Independent directors are compensated for their service on the board.  The amount of compensation can be seen from examining the director compensation table from the Oracle (NYSE:ORCL) 2011 proxy statement.  According to the proxy statement, the company paid the directors the following amounts:

Name

Fees Earned or Paid in Cash
($)

Stock Awards
($)

Option Awards
($)

All Other Compensation
($)

Total
($)

Jeffrey S. Berg

143,959

0

413,366

0

557,325

H. Raymond Bingham

222,500

0

688,943

0

911,443

Michael J. Boskin

186,500

0

688,943

0

875,443

Bruce R. Chizen

179,193

0

654,495

0

833,688

George H. Conrades

105,764

0

413,366

0

519,130

Hector Garcia-Molina

137,223

0

413,366

0

550,589

Donald L. Lucas

196,500

0

826,731

0

1,023,231

Naomi O. Seligman

120,500

0

413,366

0

533,866

Director Compensation.  During fiscal year 2011, Oracle held 6 Board of Directors meetings.  Each director attended at least 75% of the aggregate number of meetings of the Board of Directors and meetings of the Board Committees on which he or she served.  Each non-employee director was paid an annual retainer of $52,500 plus additional fees for meeting attendance, committee membership, and committee chair positions.  Each non-employee director was also granted a base of stock options for 60,000 shares plus additional stock options for committee chair positions.  Directors who were also executives of Oracle were not paid separately for performance of their duties as director.
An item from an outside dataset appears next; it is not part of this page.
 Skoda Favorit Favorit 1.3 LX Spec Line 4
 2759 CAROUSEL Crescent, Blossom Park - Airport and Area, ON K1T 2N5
Director Tenure.  Lawrence J. Ellison is a director and Chief Executive Officer for Oracle, he started at these positions in June 1977.  Mark V. Hurd is the newest member of the board, elected in September 2010.  Several directors also sit on other boards.  Mr. Bingham sits on the boards of General Atlantic LLC, Flextronics International, Spansion Inc., Dice Holdings, Inc., STMicroelectronics N.V., and Fusion-io, Inc.  Mr. Conrades sits on the boards of Harley-Davidson, Inc. and Ironwood Pharmaceuticals, Inc. 

CEO Compensation.  Mark V. Hurd, who currently serves as a director and president of Oracle earned $78,362,540 in total compensation in fiscal year 2011.  Mr. Hurd’s compensation included $698,106 in base salary, $68,349,000 in option grants, and $7,299,368 in incentive-based pay.  Mr. Ellison, the second highest paid officer, earned $ 77,556,015 in total compensation in fiscal year 2011.  Mr. Ellison’s compensation included $1 in base salary, $62,668,200 in option grants, $13,341,994 in incentive based pay, and $1,531,233 in security related expenses for Mr. Ellison’s residence.